**INFORMATION SHOWN**

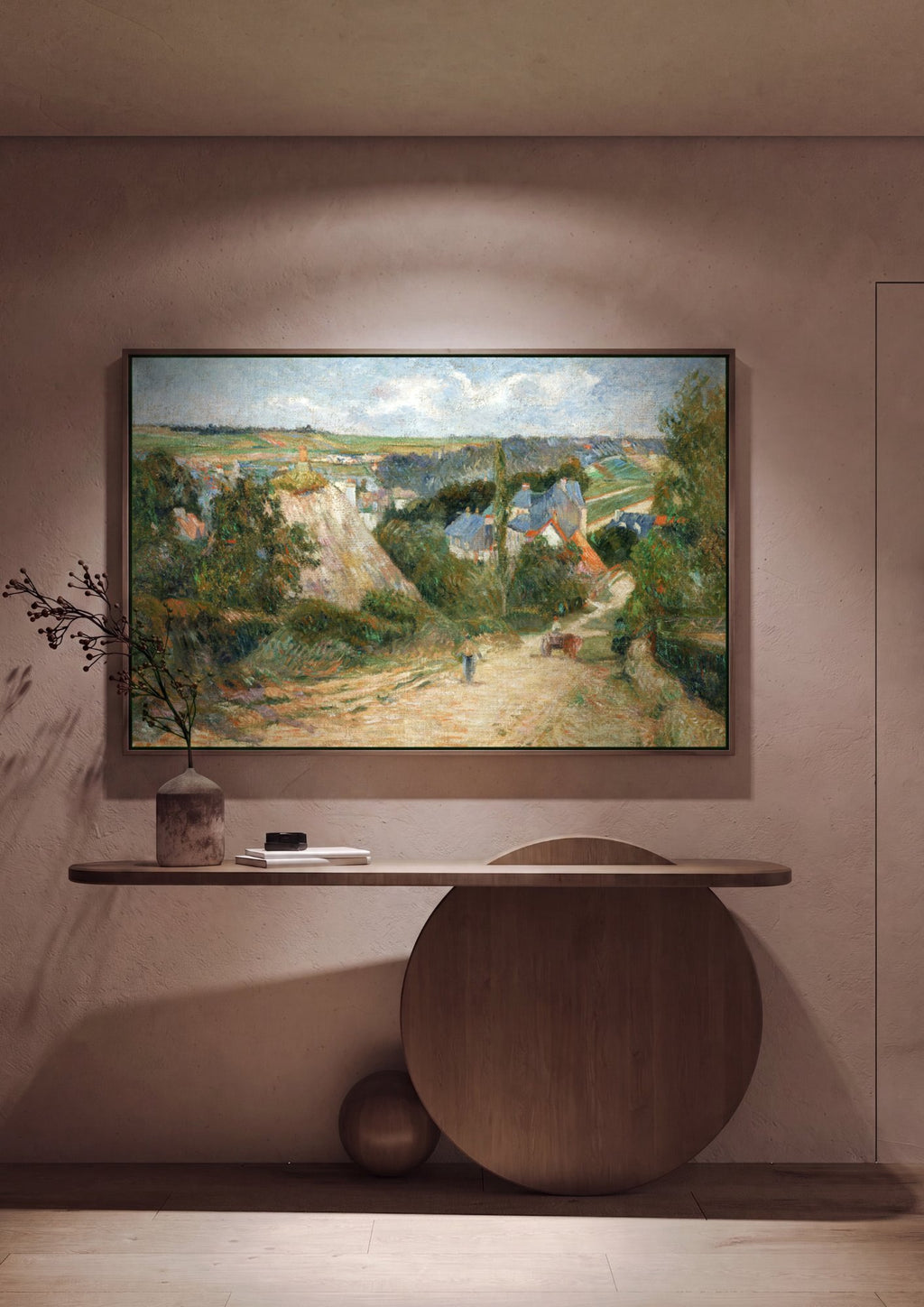 Quadro Decorativo A Estrada de Rouen - Paul Gauguin em ambiente decorado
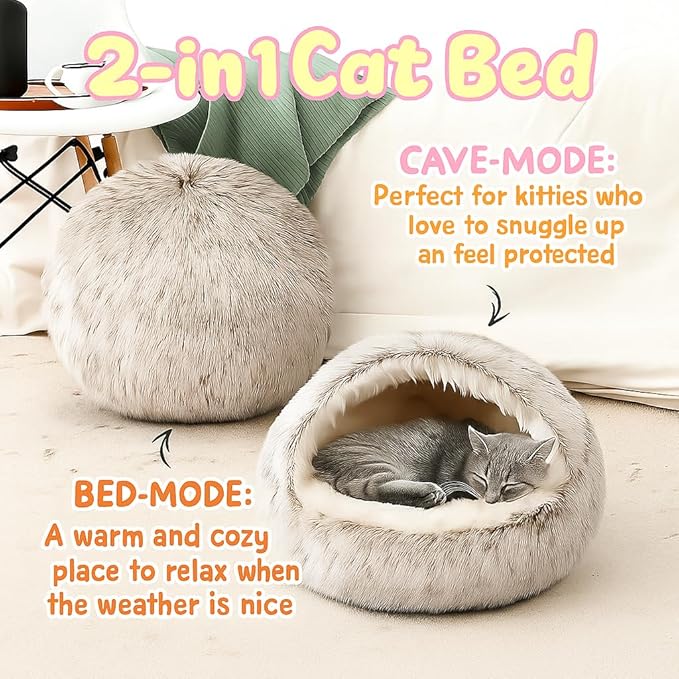 Nest Bed - Lapcatz Cat Beds for Indoor Cats, Fluffy Cat Bed Cave Plush Warm Nest for Cats (Salmon,S 16"x16")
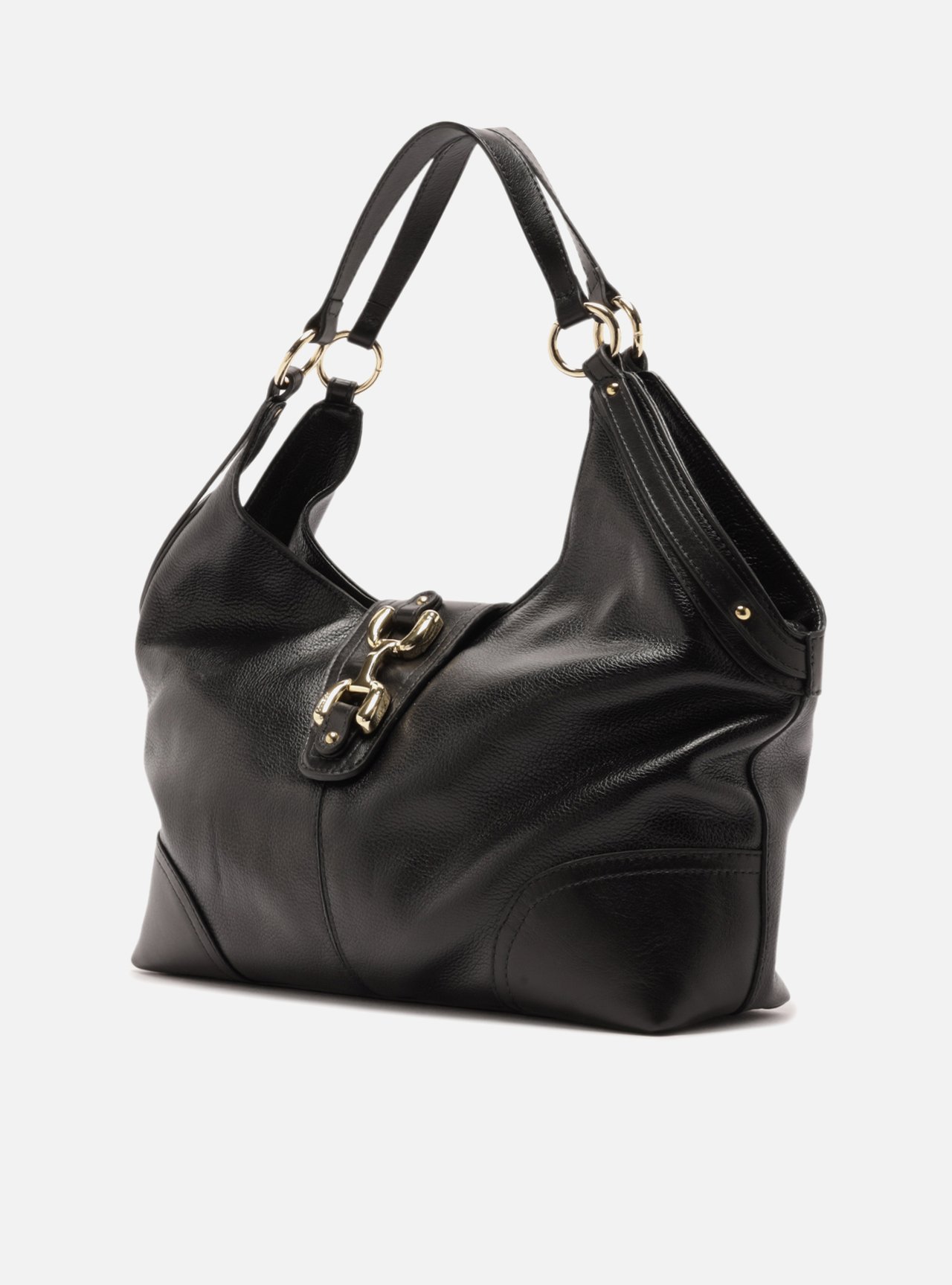 Bolsa Hobo Preta Couro Grande Metais — foto 2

**ACTION ITEM**
Write out every line above exactly as it is, leaving out the pictures.

**RESULT BELOW**
 Quadro Decorativo A Estrada de Rouen - Paul Gauguin em ambiente decorado
 Nest Bed - Lapcatz Cat Beds for Indoor Cats, Fluffy Cat Bed Cave Plush Warm Nest for Cats (Salmon,S 16"x16")
 Bolsa Hobo Preta Couro Grande Metais — foto 2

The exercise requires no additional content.